(Pictures with short captions)
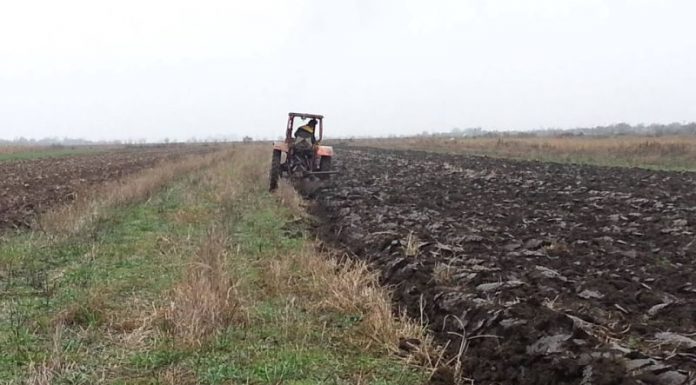 Agricultura pe înţelesul tuturor – Graficul lucrărilor agricole în luna decembrie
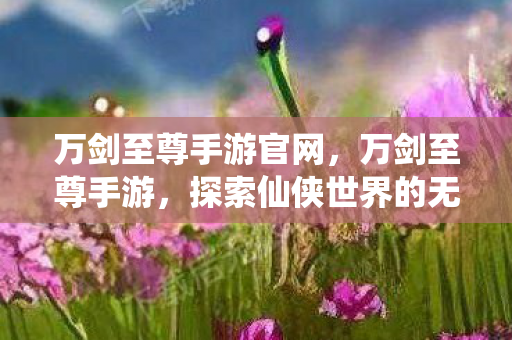 万剑至尊手游官网，万剑至尊手游，探索仙侠世界的无尽魅力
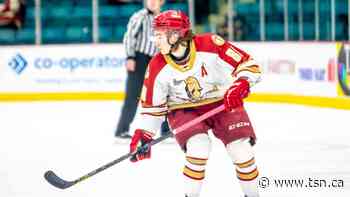 QMJHL roundup: Titan rout Tigres to extend regulation winning streak to five - TSN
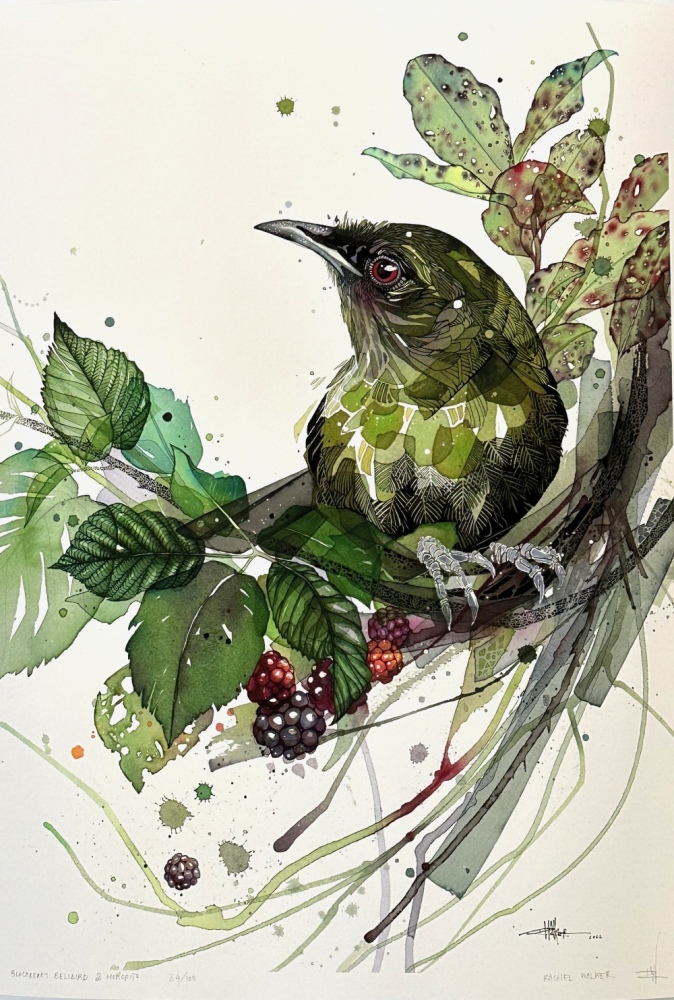 Blackberry Bellbird and Horopito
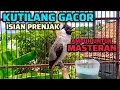 Lagu KUTILANG GACOR ISIAN PRENJAK PALING AMPUH UNTUK MASTERAN SEMUA KUTILANG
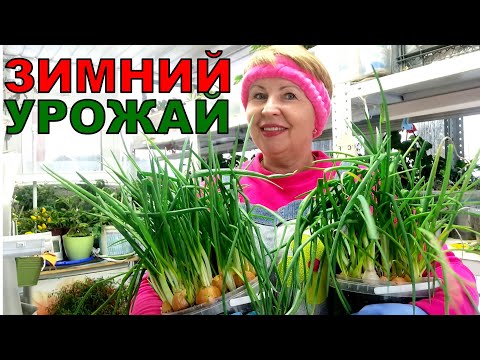 Видео: Кто не верил в посадку лука в 2 этажа? Посмотрите результат через 20 дней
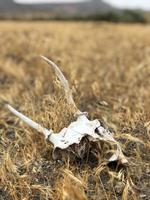 Animal skull in open country field photo
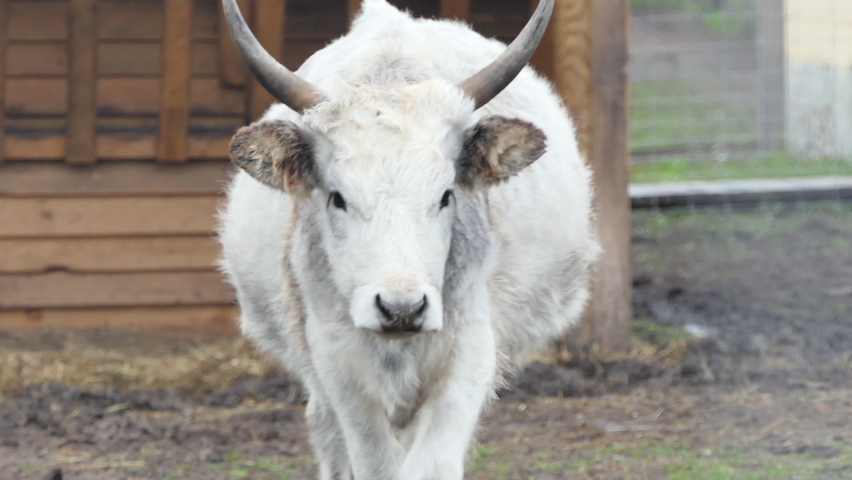 Hungarian gray, also known as Hungarian steppe cattle, close up.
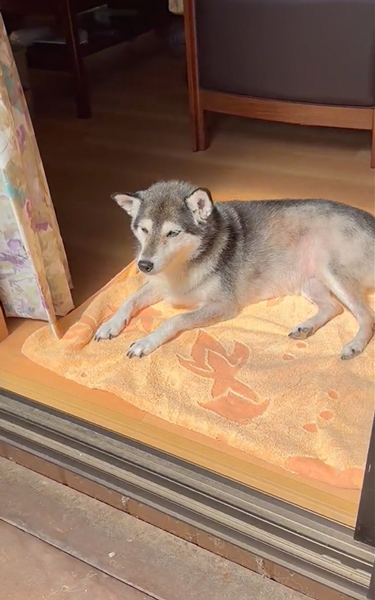 プールに入る柴犬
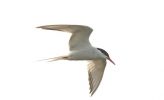 commontern~2.jpg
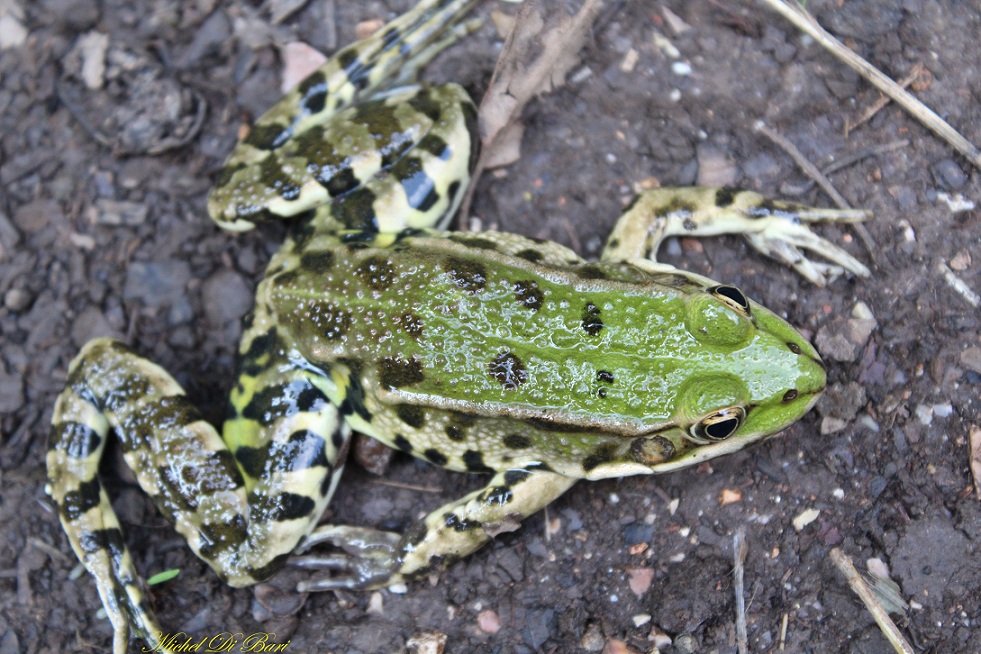 Quale rana? Pelophylax sp. (Gargano)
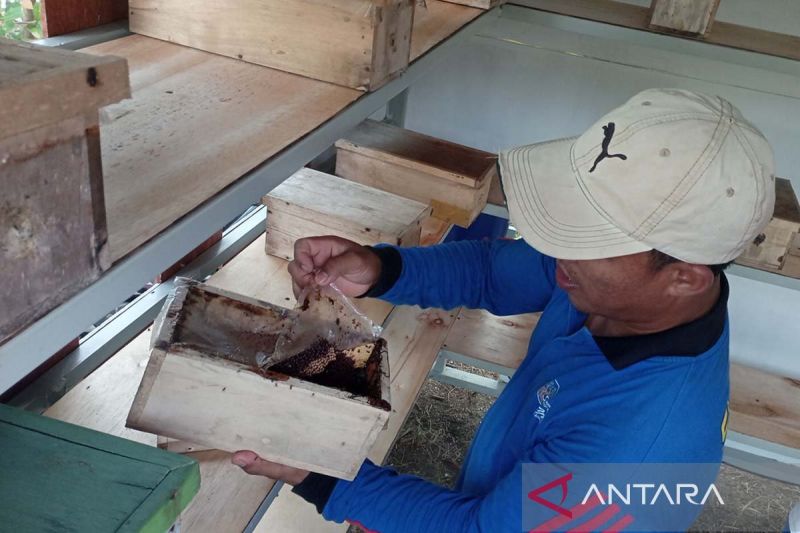 Nelayan Cilacap Kembangkan Budidaya Lebah Madu Klanceng untuk Diversifikasi Usaha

## Action item
Reproduce every record exactly; images stay out.

## Answer section
 Agricultura pe înţelesul tuturor – Graficul lucrărilor agricole în luna decembrie
 万剑至尊手游官网，万剑至尊手游，探索仙侠世界的无尽魅力
 QMJHL roundup: Titan rout Tigres to extend regulation winning streak to five - TSN
 Blackberry Bellbird and Horopito
 Lagu KUTILANG GACOR ISIAN PRENJAK PALING AMPUH UNTUK MASTERAN SEMUA KUTILANG
 Видео: Кто не верил в посадку лука в 2 этажа? Посмотрите результат через 20 дней
 Animal skull in open country field photo
 Hungarian gray, also known as Hungarian steppe cattle, close up.
 プールに入る柴犬
 commontern~2.jpg
 Quale rana? Pelophylax sp. (Gargano)
 Nelayan Cilacap Kembangkan Budidaya Lebah Madu Klanceng untuk Diversifikasi Usaha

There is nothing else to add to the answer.